We have already seen how we can create lists from a table, using extract. As you might expect, however, we can also create lists directly:
[list: 1, 2, 3]
[list: -1, 5, 2.3, 10]
[list: "a", "b", "c"]
[list: "This", "is", "a", "list", "of", "words"]
Of course, lists are values so we can name them using variables—
shopping-list = [list: "muesli", "fiddleheads"]
pass them to functions (as we will soon see), and so on.

Do Now!

Based on these examples, can you figure out how to create an empty list?

As you might have guessed, it’s [list: ] (the space isn’t necessary, but it’s a useful visual reminder of the void).

5.4Operating on Lists

5.4.1Built-In Operations on Lists

Pyret handily provides a useful set of operations we can already perform on lists. As you might have guessed, we can already compute most of the answers we’ve asked for above. First we need to include some libraries that contain useful functions:
include math
include statistics
We can then access several useful functions:
• max computes the maximum element of a list.

• min computes the minimum element of a list.

• mean computes the average of a list.

• stdev computes the standard deviation of the values in list.

Thus:
pcs = extract play-count from songs end
most-played-count = max(pcs)
least-played-count = min(pcs)

hts = extract height from people end
tallest-height = max(hts)
shortest-height = min(hts)

5.4.2Combining Lists and Tables

Note that the questions we originally asked were slightly different: we didn’t ask for the tallest height but the tallest person, or likewise the most most-played song. Because we’ve stripped the heights and counts of their surrounding context, we can no longer tell which person or song these values correspond to. For that, we have to go back to the table.

Do Now!

Do you see how we can use the values above, like most-played-count or shortest-height, to obtain the corresponding songs or people?

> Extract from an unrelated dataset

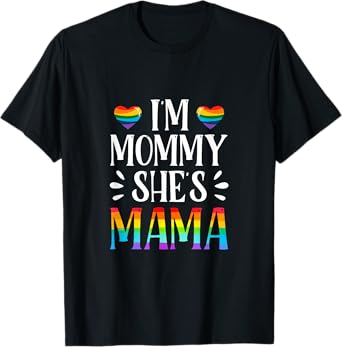 I'm Mommy Mama Matching Gay Lesbian Couple LGBT Rainbow T-Shirt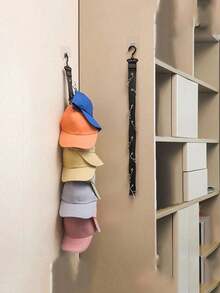 2 buah Tali Penyimpanan Multifungsi Minimalis, Organizer Penyimpanan Topi 8 Klip, Untuk Menyimpan dan Memajang Mainan Mewah, Boneka, dan Topi, Hemat Ruang, Dapat Menyimpan Topi Baseball, Cocok untuk Pintu Lemari, Dinding, Kamar Tidur, dan Penyimpanan Umum di Rumah - MultiWarna - View 7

The key is to write a query over the corresponding table that refers to this value. For instance:
tallest-people = sieve people using height:
height = tallest-height
end

most-played-songs = sieve playlist using play-count:
play-count = most-played-count
end
There’s a reason we are careful to always use the plural—people, songsrather than the singular. This is because we cannot be sure there is only one person or one song with this height or play count. That is, there is a single biggest or smallest value in the list, because the value has no other information about it (so the same height coming from two different people, or the same play count coming from two different songs, looks the same in the list). But when put back in the context of the original table, the other values may be different.

In short, our overall answer is computed quite simply:
pcs = extract play-count from songs end
most-played-count = max(pcs)
keep-if playlist using play-count:
play-count = most-played-count
end
and
hts = extract height from people end
tallest-height = max(hts)
keep-if people using height:
height = tallest-height
end

Exercise

Implement all the other statistical questions posed in Basic Statistical Questions.

Until now we’ve only seen how to use built-in functions over lists. Next [Processing Lists], we will study how to create our own functions that process lists. Once we learn that, these list processing functions will remain powerful but will no longer seem quite so magical, because we’ll be able to build them for ourselves!